What you will do:
The range runs from the line containing "Past Life Regressor" to the last line of the entries. Copy that range exactly, omitting pictures.

Material supplied:
-=-=-

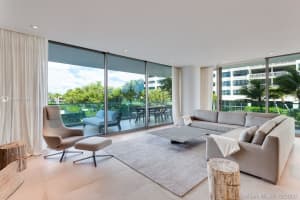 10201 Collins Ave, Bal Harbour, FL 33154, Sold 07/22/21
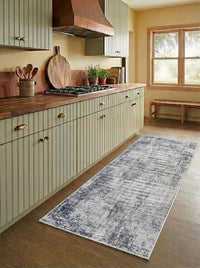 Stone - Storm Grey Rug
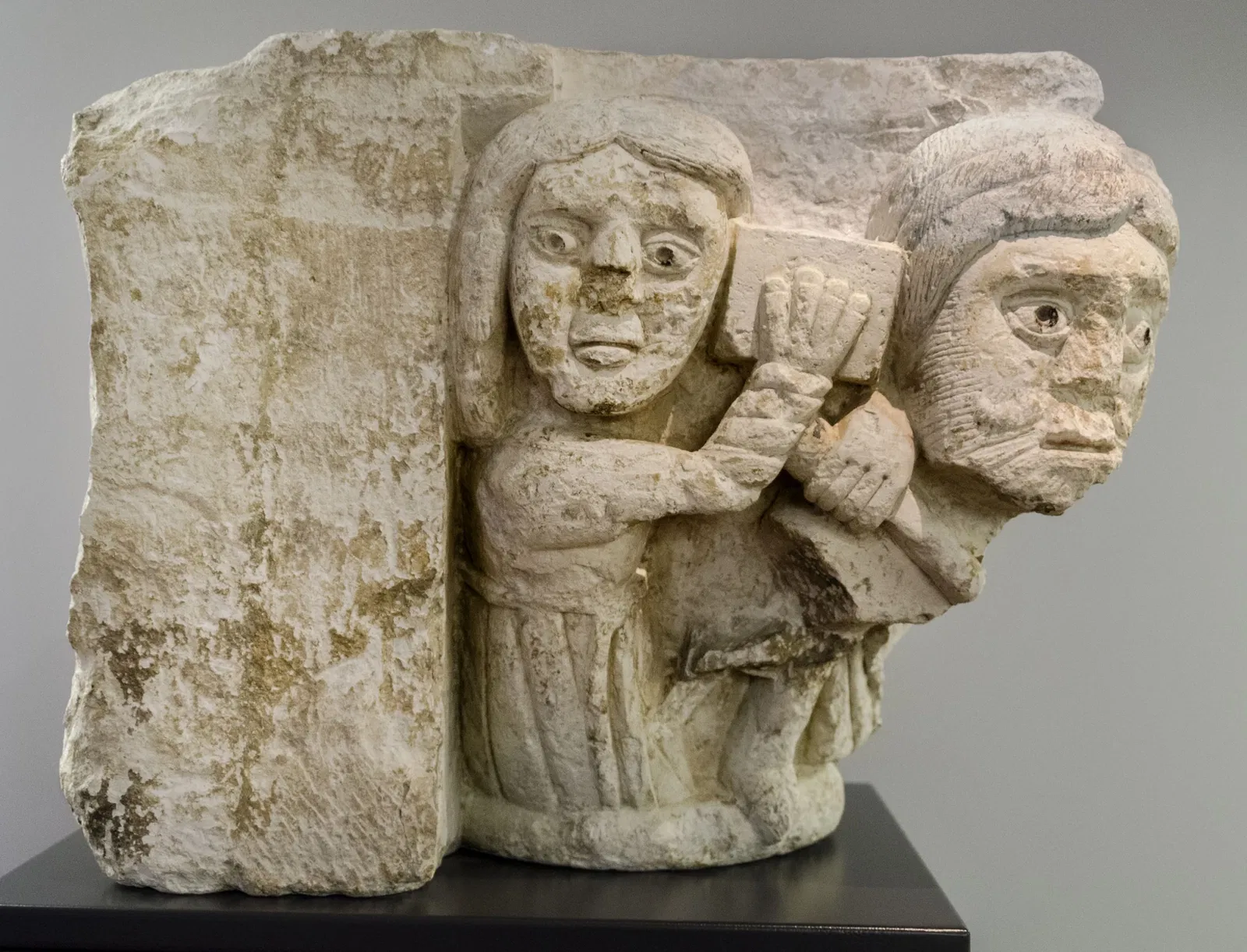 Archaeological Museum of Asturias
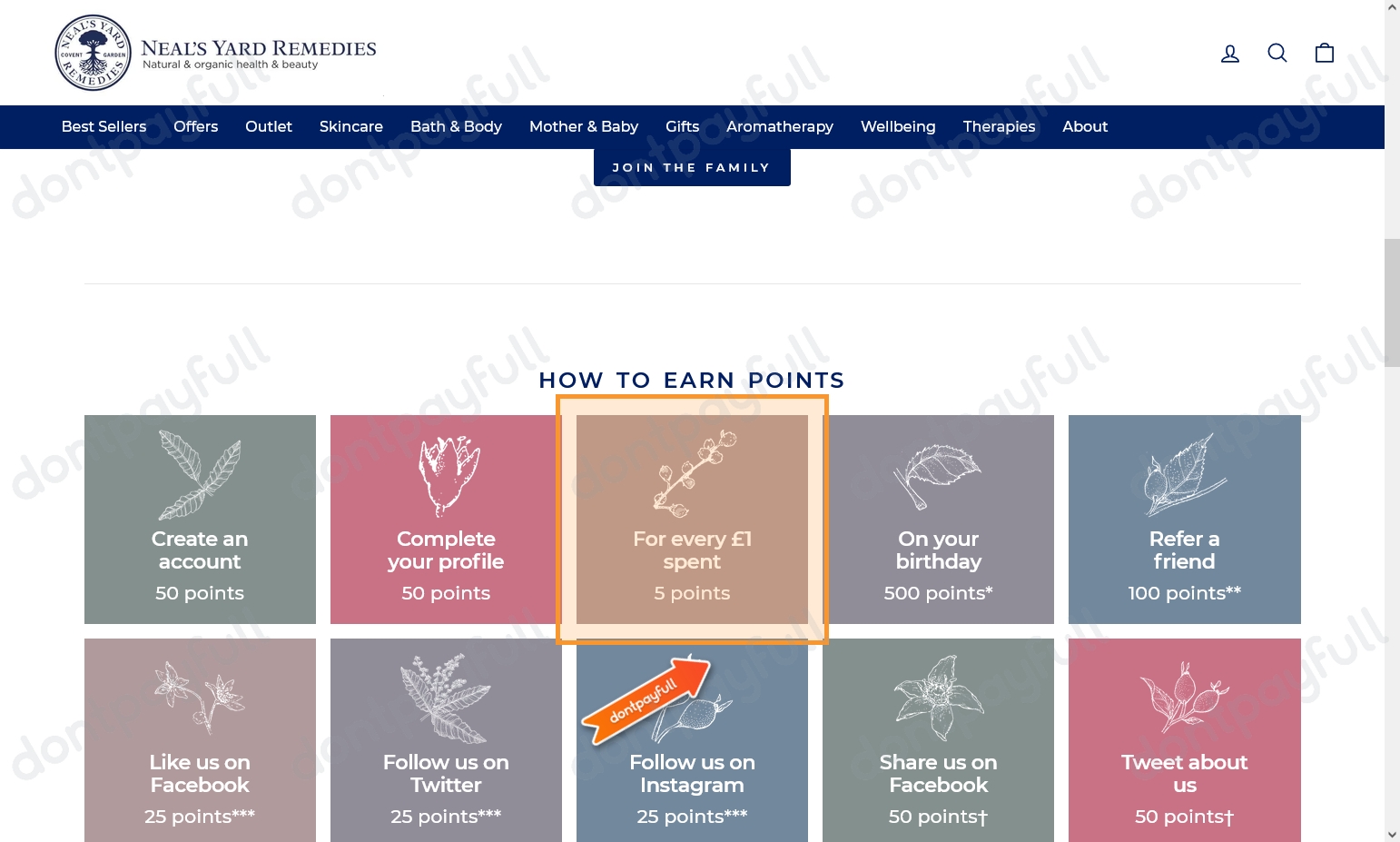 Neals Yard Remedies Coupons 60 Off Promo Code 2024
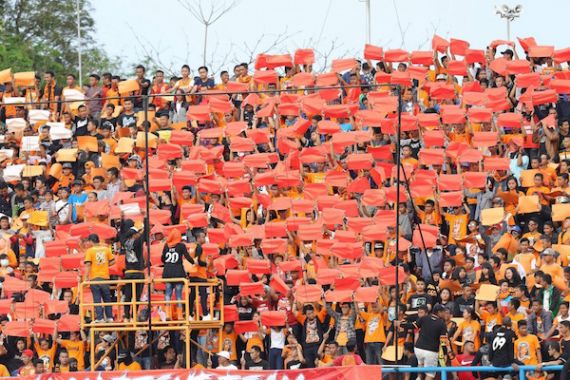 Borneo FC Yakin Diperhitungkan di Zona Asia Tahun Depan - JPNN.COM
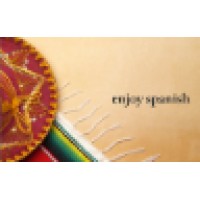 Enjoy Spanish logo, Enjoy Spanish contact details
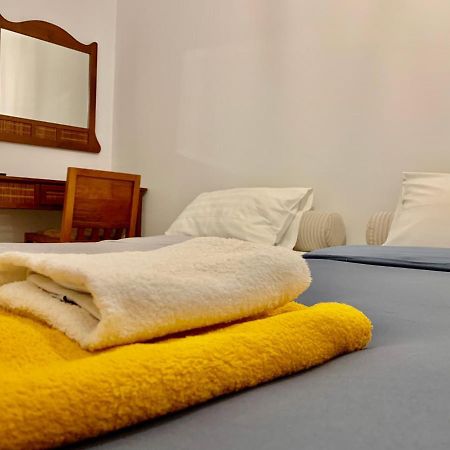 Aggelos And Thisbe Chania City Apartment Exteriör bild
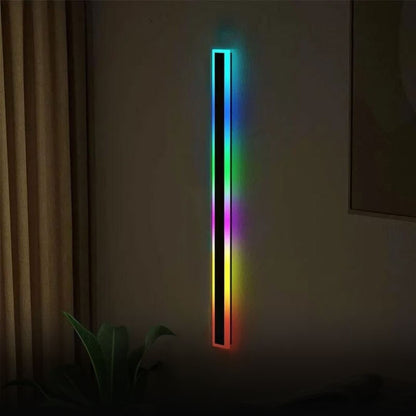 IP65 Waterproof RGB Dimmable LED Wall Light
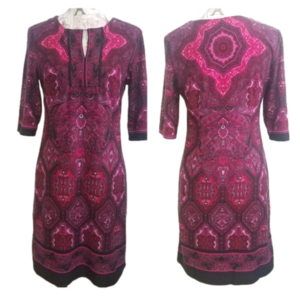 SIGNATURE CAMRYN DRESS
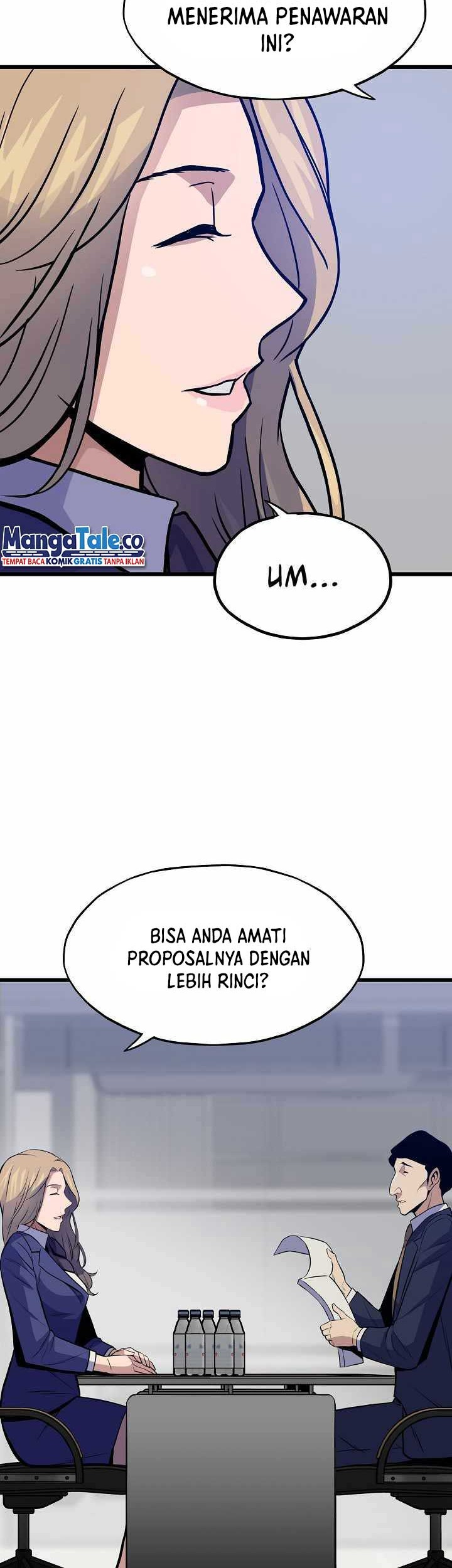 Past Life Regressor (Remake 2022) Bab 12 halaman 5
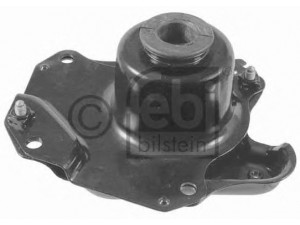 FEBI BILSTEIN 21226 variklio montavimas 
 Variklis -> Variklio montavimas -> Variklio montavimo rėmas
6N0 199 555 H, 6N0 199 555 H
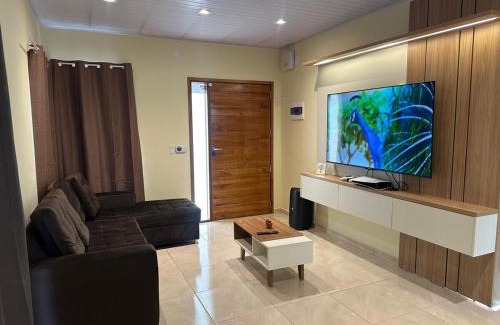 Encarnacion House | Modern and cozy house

-=-=-

Answer to the exercise:
 Past Life Regressor (Remake 2022) Bab 12 halaman 5
 FEBI BILSTEIN 21226 variklio montavimas 
 Variklis -> Variklio montavimas -> Variklio montavimo rėmas
6N0 199 555 H, 6N0 199 555 H
 Encarnacion House | Modern and cozy house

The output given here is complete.